--- What is expected ---
A line below contains "Студия квартира, на", and a later one contains "Back-UNT450641QED". Repeat both, with every line between them, exactly.

--- The data ---

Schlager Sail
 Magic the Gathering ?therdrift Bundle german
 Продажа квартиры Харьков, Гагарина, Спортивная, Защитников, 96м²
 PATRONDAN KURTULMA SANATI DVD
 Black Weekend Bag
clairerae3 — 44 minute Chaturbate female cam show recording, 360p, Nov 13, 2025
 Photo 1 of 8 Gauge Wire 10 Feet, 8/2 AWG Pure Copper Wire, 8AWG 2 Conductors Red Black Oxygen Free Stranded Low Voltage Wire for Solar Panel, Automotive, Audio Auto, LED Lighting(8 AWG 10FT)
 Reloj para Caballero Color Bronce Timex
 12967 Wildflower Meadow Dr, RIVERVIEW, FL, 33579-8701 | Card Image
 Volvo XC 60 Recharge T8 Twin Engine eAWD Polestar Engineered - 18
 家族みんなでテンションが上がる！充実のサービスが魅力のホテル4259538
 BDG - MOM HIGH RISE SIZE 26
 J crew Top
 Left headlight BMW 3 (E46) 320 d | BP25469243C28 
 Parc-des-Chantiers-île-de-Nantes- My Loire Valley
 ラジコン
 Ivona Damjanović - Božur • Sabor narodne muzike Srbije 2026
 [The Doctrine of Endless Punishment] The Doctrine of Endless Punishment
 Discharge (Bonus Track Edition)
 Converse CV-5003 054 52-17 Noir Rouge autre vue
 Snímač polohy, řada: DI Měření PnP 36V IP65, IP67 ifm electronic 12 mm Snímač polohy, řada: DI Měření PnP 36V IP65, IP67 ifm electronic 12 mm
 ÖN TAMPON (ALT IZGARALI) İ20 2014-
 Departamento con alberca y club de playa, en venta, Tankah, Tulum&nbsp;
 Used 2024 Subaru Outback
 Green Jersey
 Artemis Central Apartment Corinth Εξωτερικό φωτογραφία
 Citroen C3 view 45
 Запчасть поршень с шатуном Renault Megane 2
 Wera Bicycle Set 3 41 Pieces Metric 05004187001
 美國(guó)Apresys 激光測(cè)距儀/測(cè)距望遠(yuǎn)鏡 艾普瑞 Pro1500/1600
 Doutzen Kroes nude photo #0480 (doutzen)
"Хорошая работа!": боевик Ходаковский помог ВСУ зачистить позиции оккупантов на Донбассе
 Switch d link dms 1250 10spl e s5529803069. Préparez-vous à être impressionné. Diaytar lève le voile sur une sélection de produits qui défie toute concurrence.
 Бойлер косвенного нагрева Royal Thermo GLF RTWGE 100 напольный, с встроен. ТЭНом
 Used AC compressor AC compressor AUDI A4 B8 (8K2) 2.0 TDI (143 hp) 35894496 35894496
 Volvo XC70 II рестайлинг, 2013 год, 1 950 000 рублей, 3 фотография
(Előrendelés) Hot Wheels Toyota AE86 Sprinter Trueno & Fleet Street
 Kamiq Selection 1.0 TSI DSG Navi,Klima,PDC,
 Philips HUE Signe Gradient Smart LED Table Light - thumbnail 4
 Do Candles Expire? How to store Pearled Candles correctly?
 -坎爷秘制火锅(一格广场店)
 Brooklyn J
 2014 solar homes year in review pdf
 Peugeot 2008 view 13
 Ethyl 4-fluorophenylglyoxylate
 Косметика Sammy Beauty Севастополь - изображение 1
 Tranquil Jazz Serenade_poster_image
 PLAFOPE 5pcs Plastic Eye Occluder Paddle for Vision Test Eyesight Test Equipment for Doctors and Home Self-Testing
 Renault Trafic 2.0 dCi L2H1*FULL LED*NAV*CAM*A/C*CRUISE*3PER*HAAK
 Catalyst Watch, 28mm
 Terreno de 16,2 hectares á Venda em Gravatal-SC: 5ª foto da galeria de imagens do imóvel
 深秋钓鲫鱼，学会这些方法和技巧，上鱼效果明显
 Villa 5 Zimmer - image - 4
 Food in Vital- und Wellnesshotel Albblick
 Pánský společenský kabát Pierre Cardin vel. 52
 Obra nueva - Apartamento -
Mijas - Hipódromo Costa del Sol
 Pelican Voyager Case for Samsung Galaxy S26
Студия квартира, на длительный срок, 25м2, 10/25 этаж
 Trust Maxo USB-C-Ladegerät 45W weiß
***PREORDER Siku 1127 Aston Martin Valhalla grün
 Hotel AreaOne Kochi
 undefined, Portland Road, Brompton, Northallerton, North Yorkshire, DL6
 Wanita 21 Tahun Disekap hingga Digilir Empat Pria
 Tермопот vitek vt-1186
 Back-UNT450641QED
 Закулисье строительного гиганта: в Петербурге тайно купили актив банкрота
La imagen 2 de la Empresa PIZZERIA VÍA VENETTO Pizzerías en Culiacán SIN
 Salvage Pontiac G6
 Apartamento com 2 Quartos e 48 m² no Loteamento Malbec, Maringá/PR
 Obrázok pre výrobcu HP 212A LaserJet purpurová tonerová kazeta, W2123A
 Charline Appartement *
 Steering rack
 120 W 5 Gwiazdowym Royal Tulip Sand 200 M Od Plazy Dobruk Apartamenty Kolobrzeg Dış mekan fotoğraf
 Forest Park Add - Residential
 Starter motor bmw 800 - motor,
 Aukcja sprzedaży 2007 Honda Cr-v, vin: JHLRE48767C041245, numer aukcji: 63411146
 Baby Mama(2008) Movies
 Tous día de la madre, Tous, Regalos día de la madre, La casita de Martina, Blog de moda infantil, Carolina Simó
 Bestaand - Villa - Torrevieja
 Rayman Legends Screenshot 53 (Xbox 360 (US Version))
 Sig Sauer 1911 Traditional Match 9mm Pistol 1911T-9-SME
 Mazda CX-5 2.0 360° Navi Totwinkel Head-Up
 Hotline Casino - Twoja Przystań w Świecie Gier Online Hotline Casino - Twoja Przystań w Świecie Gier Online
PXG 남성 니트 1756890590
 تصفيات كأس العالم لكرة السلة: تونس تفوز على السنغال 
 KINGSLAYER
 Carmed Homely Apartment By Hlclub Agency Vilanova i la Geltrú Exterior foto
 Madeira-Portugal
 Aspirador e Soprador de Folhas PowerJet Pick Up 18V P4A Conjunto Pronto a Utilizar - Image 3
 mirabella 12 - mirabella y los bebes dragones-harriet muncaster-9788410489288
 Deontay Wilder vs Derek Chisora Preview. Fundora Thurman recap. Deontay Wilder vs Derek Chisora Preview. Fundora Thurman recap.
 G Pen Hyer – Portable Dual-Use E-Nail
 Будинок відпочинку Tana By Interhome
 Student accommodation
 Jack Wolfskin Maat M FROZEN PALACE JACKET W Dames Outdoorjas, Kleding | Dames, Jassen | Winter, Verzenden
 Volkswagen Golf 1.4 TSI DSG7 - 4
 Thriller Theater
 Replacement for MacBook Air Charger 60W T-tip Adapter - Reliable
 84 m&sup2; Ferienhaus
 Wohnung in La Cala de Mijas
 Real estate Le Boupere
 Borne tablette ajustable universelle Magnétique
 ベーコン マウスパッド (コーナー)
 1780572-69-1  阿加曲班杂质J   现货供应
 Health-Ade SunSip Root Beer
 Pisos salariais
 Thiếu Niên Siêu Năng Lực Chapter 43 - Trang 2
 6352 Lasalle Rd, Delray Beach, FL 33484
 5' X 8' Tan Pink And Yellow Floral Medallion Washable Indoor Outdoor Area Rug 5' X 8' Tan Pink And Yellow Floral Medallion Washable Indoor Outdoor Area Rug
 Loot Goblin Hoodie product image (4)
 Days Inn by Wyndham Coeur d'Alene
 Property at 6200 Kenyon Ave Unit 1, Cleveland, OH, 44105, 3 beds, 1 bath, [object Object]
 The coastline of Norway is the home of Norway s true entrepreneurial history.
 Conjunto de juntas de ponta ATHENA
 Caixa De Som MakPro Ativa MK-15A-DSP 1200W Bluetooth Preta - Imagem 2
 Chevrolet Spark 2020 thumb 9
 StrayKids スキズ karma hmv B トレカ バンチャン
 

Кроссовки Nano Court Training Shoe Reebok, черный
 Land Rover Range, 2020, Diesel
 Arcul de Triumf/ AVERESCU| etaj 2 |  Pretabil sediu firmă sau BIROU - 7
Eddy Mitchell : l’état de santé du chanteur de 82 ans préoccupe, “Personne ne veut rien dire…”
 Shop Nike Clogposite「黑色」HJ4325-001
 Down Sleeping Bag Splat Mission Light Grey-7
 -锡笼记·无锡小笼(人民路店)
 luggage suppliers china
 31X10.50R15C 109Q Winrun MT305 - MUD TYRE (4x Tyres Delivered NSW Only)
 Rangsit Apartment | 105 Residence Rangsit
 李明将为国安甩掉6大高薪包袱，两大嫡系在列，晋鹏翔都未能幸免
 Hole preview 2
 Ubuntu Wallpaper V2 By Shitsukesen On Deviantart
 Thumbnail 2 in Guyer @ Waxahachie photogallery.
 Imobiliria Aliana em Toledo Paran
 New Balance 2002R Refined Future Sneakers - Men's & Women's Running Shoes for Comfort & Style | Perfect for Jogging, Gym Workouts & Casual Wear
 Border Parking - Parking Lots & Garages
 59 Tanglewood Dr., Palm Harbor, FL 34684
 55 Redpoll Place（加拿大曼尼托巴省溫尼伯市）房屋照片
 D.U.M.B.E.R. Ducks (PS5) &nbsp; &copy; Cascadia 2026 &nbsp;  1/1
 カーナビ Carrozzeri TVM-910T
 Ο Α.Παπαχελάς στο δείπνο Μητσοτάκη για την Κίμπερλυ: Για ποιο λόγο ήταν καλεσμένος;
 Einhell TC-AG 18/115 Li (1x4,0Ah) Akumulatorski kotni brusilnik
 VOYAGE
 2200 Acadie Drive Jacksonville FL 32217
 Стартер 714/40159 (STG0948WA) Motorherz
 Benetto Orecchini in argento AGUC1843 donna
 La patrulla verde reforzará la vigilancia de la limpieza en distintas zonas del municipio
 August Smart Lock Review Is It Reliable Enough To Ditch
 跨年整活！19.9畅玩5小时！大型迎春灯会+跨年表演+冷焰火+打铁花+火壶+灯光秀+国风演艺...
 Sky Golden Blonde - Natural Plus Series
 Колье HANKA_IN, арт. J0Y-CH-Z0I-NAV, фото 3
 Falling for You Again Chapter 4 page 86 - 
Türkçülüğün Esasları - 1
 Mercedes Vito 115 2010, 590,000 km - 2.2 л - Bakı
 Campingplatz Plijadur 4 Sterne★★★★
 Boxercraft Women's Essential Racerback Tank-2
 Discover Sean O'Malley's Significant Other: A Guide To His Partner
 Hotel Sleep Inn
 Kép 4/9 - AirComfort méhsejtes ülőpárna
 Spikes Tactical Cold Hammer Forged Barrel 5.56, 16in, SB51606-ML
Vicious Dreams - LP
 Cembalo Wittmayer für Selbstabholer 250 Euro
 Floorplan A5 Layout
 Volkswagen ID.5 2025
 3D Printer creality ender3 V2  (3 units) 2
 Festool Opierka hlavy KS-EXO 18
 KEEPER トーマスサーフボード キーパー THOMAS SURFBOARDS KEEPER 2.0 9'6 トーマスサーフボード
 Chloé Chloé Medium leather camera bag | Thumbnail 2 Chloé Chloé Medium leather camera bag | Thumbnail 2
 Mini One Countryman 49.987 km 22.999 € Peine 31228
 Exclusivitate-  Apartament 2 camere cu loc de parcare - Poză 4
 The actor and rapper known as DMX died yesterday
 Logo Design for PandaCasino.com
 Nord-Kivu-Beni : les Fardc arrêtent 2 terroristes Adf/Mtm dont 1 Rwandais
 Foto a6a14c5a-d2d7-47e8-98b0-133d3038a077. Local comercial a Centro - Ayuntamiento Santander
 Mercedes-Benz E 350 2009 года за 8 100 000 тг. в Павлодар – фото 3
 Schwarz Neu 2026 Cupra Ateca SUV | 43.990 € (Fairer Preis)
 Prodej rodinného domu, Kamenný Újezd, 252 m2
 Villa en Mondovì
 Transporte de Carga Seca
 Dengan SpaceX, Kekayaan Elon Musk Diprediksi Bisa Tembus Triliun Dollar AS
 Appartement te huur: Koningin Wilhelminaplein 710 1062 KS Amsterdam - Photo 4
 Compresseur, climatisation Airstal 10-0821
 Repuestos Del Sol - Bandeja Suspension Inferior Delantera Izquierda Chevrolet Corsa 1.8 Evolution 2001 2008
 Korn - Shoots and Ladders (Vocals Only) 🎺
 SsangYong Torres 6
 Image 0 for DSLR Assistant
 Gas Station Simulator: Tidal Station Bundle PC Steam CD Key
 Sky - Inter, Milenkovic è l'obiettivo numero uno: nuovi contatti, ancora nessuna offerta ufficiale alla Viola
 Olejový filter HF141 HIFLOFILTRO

--- Answer section ---
Студия квартира, на длительный срок, 25м2, 10/25 этаж
 Trust Maxo USB-C-Ladegerät 45W weiß
***PREORDER Siku 1127 Aston Martin Valhalla grün
 Hotel AreaOne Kochi
 undefined, Portland Road, Brompton, Northallerton, North Yorkshire, DL6
 Wanita 21 Tahun Disekap hingga Digilir Empat Pria
 Tермопот vitek vt-1186
 Back-UNT450641QED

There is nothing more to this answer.